**** Given information

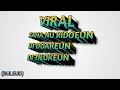 Download Lagu SAHA NU RIDOEN DI DUAKEUN DI TILUKEUN (BULEUD) VIRAL TIKTOK!!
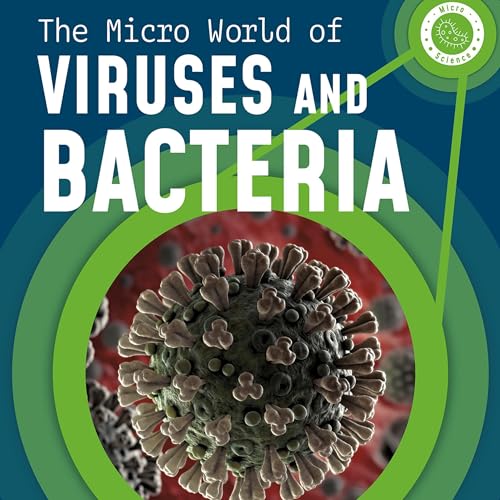 Audiobook: The Micro World of Viruses and Bacteria by Melissa Mayer episode artwork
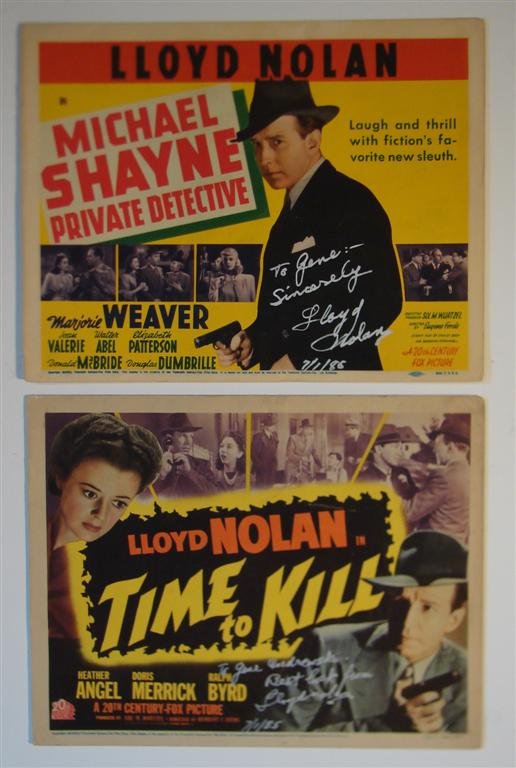 TIME TO KILL, MICHAEL SHAYNE, INSCRIBED: Both inscribed by Lloyd Nolan to our collector (1)Title Card, 11" W X 14" H, Time to Kill, 20th Century Fox, 1942, signed in silver ink "To Gene Andrewski, Best Luck, from Lloyd Nolan 7/1/85 (VF)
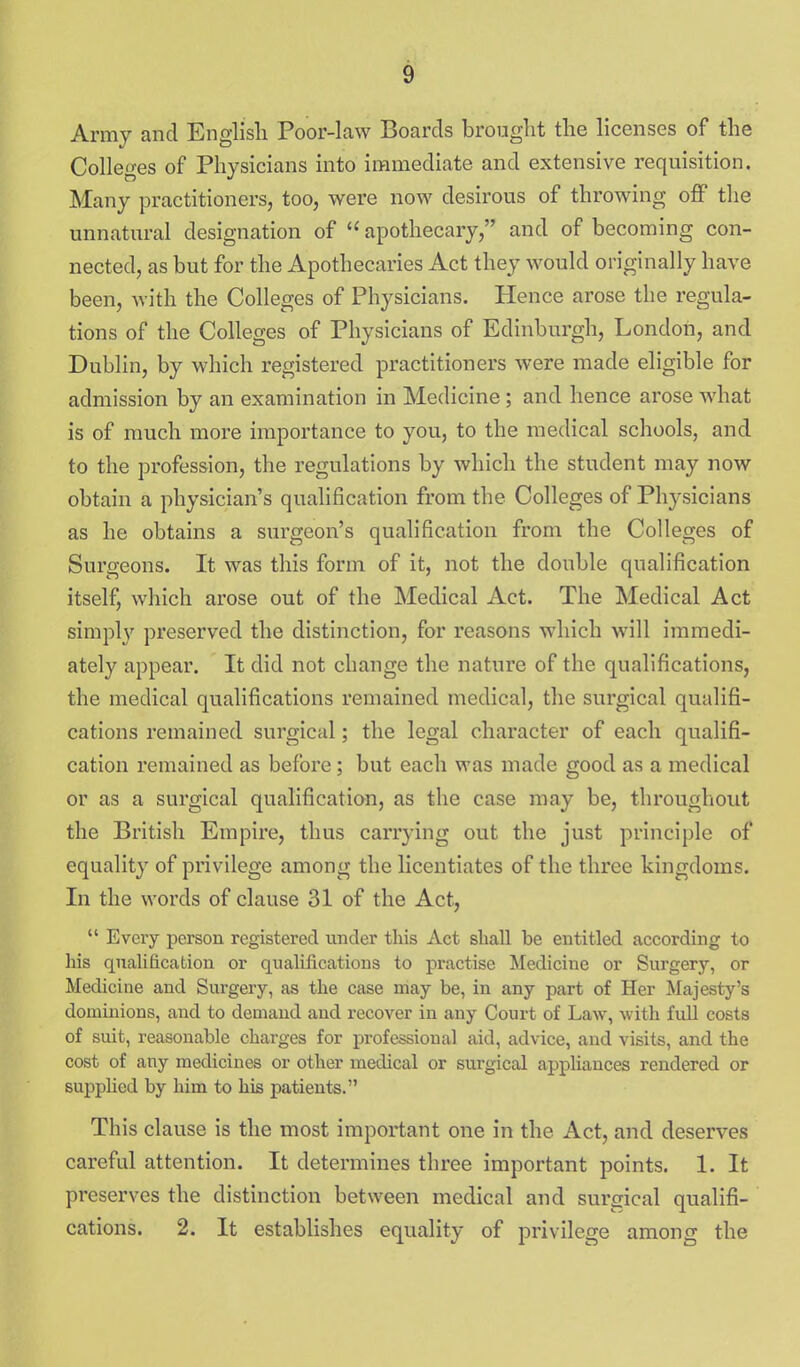 Army and English Poor-law Boards brouglit the licenses of the Colleges of Physicians into immediate and extensive requisition. Many practitioners, too, were now desirous of throwing off the unnatural designation of  apothecary, and of becoming con- nected, as but for the Apothecaries Act they would originally have been, with the Colleges of Physicians. Hence arose the regula- tions of the Colleges of Physicians of Edinburgh, London, and Dublin, by which registered practitioners were made eligible for admission by an examination in Medicine; and hence arose what is of much more importance to you, to the medical schools, and to the profession, the regulations by which the student may now obtain a physician's qualification from the Colleges of Physicians as he obtains a surgeon's qualification from the Colleges of Surgeons. It was this form of it, not the double qualification itself, which arose out of the Medical Act. The Medical Act simpl}' preserved the distinction, for reasons which will immedi- ately appear. It did not change the nature of the qualifications, the medical qualifications remained medical, the surgical qualifi- cations remained surgical; the legal character of each qualifi- cation remained as before; but each was made good as a medical or as a surgical qualification, as the case may be, throughout the British Empire, thus carrying out the just principle of equality of privilege among the licentiates of the three kingdoms. In the words of clause 31 of the Act,  Every person registered under tins Act shall be entitled according to his qualification or qualifications to practise Medicine or Surgery, or Medicine and Surgery, as the case may be, in any part of Her Majesty's dominions, and to demand and recover in any Court of Law, with full costs of suit, reasonable charges for professional aid, advice, and visits, and the cost of any medicines or other medical or surgical appliances rendered or supplied by him to his patients. This clause is the most important one in the Act, and deserves careful attention. It determines three important points. 1. It preserves the distinction between medical and surgical qualifi- cations. 2. It estabhshes equality of privilege among the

********

### Your objective
Only an exact copy is wanted: the lines from the opening of the material through the line that has "Audiobook: The Micro", minus any pictures.

### Response to the task
 Download Lagu SAHA NU RIDOEN DI DUAKEUN DI TILUKEUN (BULEUD) VIRAL TIKTOK!!
 Audiobook: The Micro World of Viruses and Bacteria by Melissa Mayer episode artwork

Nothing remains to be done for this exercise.